We humans have done quite well in looking at the invisible. The great adronymia-collision-our prime minister’s instrument for the study of subatomic-can thoroughly explore the world of the atometer, which is (incredible) only a single-cycle of a meter. It is known that LHC confirmed the existence of Boson Higgs in 2012 and physicists were preparing for the rush of new particles to explain the prolonged mysteries of the universe, such as the existence of dark matter and atymmetry of matter.

But this explosion of discovery does not really materialize. This is certainly not to say nothing It has happened since then, but no major revelations have been found in the Higgs norms since then. And now, a new article in ScientistWritten by Harry Cliff Particle Physics, who works in the LHCB experiment, describes in detail a theory of Why We didn’t find what we expected to find. Most basic, many of these revelations could hide in what is sometimes called “Zeptouverse”, which is a world that exists only at 10-21-Mome scale. LHC can only analyze the particles directly up to 50 rears, but Cliff emphasizes theory – the most commonly supported by the Technical University of Munich Theoretical Physicist Andrzej Buras – that these elusive particles can simply be beyond the opportunities to open LHC.

Of course, a better detector can open this border -CERN has completed a study on the feasibility of the future circular collision (FCC) just earlier this year. But Buras believes we can explore this limit of new physics indirectly Without having to wait a few decades needed for the final study of this issue (FCC will not perform high -energy physics by 2070). In 2020, Buras examined this issue in an article about PhysicianWriting:

Can we get to Zeptouveniverse, ie. resolution up to 10–21M or energies up to 200 tev, through Quark’s scent physics and Lepton’s aroma, which violates the processes during this decade, long before possible through a collector built in this century?

In a document uploaded to the front server ARXIV Last year, Buras identified seven possible goals for this investigation, which he called the “magnificent seven”, according to ScientistS All seven are extremely rare particle decay containing strange and lower quarters, which Cliff calls “echo from Zeptouverse.” Fortunately for Buras, some experiments are already looking for these ultra-rare decay.

One example of such a breakup begins with B Meson – a type of composite particle made of different quarks, as Cliff explains.
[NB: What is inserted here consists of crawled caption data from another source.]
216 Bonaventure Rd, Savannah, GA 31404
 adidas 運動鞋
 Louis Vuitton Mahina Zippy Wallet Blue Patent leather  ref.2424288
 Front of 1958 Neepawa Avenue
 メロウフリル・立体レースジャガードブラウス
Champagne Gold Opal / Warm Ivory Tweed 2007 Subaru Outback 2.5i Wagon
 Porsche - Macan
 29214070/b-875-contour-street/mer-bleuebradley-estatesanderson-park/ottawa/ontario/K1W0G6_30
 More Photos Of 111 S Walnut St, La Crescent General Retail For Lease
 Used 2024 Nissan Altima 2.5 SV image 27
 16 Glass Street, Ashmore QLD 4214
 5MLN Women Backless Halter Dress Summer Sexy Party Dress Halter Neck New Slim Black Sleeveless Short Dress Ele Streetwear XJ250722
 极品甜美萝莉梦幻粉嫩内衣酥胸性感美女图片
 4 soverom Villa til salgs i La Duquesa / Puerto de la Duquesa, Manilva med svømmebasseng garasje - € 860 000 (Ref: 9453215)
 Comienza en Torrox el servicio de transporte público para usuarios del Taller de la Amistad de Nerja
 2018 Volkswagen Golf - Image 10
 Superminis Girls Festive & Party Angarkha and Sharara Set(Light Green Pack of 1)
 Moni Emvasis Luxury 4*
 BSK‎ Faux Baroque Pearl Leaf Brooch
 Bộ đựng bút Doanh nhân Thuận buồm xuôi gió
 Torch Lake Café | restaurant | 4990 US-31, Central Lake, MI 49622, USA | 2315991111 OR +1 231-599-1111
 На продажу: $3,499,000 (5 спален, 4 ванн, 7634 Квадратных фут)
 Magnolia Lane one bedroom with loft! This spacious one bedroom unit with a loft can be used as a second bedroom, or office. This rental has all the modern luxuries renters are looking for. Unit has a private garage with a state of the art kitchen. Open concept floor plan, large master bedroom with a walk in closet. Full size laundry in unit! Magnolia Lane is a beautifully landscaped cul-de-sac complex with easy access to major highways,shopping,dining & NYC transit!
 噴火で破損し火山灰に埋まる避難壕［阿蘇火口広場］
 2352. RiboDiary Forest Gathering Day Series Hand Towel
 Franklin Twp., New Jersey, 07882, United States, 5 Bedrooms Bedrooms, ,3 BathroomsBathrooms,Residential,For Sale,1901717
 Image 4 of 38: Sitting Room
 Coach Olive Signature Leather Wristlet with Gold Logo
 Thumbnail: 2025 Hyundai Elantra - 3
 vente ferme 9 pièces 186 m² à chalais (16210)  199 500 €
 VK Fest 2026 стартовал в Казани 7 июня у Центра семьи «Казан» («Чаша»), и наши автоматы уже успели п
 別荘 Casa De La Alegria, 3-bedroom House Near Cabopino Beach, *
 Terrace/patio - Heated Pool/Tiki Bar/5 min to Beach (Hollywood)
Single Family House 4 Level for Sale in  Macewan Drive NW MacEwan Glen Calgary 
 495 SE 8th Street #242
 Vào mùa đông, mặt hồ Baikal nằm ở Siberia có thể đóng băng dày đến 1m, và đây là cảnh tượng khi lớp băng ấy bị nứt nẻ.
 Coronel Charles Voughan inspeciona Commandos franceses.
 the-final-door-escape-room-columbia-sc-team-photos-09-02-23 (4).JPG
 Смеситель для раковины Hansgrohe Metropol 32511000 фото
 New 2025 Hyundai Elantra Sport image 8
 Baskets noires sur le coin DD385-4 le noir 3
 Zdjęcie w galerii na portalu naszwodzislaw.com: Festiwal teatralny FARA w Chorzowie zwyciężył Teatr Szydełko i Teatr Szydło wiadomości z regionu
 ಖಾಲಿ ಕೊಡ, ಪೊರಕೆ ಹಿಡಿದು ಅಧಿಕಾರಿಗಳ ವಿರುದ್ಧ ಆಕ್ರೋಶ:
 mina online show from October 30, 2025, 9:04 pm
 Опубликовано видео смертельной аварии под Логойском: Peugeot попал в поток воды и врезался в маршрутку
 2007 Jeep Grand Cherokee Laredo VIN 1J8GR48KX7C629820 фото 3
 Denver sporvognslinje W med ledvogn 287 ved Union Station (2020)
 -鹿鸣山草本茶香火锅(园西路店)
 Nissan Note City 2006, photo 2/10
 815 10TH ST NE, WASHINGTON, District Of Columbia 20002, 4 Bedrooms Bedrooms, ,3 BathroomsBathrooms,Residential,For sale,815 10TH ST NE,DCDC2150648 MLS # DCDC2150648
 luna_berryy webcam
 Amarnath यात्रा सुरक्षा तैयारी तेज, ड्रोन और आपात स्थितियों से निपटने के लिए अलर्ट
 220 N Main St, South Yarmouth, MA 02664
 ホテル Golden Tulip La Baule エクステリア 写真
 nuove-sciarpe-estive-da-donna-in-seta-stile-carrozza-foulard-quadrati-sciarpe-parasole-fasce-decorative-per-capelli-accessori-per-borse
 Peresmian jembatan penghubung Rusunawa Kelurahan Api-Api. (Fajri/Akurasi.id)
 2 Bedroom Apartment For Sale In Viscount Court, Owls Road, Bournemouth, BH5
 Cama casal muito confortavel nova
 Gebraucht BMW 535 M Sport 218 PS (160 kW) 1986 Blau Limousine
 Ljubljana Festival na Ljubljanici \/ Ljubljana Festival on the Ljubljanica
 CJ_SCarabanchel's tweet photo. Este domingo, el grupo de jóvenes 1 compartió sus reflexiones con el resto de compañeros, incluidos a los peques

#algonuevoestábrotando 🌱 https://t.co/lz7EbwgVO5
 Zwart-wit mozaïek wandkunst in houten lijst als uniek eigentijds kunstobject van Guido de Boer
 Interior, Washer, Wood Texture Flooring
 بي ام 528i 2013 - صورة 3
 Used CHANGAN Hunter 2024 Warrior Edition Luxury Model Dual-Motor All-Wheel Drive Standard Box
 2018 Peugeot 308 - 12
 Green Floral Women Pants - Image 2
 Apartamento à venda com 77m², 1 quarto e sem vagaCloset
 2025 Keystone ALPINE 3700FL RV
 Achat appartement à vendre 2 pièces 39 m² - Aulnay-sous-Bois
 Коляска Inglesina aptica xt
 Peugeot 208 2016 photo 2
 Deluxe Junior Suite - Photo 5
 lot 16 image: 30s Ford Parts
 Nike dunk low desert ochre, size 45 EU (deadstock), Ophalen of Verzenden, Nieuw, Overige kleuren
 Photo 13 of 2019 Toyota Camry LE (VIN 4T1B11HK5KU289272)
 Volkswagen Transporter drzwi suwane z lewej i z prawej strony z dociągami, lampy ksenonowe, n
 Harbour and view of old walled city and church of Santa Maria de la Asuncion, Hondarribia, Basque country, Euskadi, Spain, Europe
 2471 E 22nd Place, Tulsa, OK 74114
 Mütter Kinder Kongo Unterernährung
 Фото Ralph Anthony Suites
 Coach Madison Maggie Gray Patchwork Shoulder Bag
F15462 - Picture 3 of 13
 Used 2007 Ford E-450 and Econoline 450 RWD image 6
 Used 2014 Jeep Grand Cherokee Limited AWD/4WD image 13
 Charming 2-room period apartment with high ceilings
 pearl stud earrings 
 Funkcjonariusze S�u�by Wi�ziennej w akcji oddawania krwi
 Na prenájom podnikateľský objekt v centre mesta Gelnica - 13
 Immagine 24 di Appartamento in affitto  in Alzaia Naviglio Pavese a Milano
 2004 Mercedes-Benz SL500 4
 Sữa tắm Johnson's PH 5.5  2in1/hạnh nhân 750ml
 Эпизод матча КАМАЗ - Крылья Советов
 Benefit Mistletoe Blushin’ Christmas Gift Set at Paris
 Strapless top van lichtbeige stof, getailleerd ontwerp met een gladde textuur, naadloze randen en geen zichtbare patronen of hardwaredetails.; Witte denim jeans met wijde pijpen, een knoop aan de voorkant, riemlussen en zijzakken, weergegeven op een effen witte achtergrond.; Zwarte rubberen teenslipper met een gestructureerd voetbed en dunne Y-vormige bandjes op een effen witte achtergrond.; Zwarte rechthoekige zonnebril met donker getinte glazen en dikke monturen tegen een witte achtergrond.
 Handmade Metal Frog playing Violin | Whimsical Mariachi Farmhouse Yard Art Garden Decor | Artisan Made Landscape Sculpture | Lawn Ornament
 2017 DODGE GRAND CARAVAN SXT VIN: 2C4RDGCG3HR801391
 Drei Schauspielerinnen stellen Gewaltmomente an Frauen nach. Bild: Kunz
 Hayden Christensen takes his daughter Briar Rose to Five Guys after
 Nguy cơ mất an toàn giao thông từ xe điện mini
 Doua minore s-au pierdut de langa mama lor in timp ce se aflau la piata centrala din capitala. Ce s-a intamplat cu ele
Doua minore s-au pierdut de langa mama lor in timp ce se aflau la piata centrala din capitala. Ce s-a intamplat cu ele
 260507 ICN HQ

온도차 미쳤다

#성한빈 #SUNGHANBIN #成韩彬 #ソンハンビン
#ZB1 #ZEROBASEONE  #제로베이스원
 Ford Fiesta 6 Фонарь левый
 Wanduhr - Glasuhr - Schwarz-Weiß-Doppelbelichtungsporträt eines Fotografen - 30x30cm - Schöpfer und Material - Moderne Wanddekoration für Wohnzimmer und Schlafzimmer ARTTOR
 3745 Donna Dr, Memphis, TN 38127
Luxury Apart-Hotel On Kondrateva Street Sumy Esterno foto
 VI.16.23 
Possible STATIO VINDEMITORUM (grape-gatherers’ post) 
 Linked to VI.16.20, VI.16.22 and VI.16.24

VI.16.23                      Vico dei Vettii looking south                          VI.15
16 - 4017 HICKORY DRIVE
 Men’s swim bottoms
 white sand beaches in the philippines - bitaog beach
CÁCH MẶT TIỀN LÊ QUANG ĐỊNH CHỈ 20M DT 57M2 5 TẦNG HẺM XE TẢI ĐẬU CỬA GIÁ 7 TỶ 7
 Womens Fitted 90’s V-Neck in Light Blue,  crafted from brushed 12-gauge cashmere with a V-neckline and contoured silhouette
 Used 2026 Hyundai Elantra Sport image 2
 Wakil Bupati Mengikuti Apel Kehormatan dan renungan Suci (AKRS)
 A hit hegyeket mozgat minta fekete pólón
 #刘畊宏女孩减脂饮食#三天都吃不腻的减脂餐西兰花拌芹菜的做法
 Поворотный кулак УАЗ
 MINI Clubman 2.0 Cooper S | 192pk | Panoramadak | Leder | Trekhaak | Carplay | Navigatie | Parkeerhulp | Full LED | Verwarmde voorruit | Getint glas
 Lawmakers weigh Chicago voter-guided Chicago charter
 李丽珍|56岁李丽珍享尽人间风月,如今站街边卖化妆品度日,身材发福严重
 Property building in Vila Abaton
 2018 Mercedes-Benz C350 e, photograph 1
In 2023, The Belle II experiment in Japan It captures this breakup into action, producing another particle called Kaon (or K Meson) and two neutrinos. However, since the experiment is not set up for direct discovery of neutrino, their information is limited.

This is not the only ultra-rire breakdown that has also been discovered recently. In September 2024, the Na62 experiment in Cern recorded the breakup of a positively charged Kaon in Pion and a couple of the matter of matter. It is believed that less than one in 10 billion Kaoni should break up in this way. As this interaction is sensitive to the standard deviations of the model, it is identified as one of the main goals for finding new physics. Today, the Koto experiment in Japan is looking for a second confirmation of this breakup of Kaon.

“The search for new particles and forces beyond the standard model is highly motivated by the need to explain the dark matter, the huge range of particles of particles from a little neutrino to the massive upper quark and the asymmetry between matter and antimatter that are responsible for our existence,” Buras writes last year Cern courierS “As the direct search in LHC has not yet provided any idea of what these new particles and forces may be, the indirect searches are growing in importance.”

Scientists are just beginning to peek inside the unknown border of Zeptouverse and until they are executed and run, these extremely rare breakups are ours only Windows in this universe.